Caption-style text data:
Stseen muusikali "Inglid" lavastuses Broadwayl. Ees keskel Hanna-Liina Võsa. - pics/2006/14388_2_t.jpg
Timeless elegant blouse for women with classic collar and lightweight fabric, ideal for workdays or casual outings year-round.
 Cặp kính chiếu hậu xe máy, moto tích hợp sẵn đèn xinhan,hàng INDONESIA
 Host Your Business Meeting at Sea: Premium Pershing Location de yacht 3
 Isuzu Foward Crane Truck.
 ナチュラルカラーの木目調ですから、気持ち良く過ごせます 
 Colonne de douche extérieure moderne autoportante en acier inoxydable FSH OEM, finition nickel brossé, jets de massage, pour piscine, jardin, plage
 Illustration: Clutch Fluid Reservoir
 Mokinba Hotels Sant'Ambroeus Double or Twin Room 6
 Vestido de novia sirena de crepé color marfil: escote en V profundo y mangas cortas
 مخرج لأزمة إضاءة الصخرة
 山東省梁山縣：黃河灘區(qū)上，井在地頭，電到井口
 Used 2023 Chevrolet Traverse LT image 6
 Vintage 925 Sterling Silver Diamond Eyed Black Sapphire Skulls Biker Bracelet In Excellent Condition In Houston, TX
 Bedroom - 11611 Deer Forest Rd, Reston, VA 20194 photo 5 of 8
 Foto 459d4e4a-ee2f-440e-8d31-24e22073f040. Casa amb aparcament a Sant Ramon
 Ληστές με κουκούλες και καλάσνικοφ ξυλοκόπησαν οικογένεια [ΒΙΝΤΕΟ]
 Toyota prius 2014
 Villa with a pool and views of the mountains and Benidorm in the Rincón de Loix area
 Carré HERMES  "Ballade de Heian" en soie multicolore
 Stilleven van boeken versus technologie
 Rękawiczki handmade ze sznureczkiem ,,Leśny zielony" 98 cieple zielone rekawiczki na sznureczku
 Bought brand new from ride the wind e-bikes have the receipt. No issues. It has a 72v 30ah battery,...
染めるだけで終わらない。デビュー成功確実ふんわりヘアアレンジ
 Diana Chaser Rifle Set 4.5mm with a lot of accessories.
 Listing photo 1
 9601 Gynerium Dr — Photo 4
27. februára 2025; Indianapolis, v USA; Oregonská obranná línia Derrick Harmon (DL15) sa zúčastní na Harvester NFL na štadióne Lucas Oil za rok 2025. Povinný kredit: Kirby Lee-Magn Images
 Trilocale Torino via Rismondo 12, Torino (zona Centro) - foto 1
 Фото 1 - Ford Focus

> Action item
Your task is to find every line above containing the word "with" and copy it.

> Exercise solution
Timeless elegant blouse for women with classic collar and lightweight fabric, ideal for workdays or casual outings year-round.
 Villa with a pool and views of the mountains and Benidorm in the Rincón de Loix area
 Diana Chaser Rifle Set 4.5mm with a lot of accessories.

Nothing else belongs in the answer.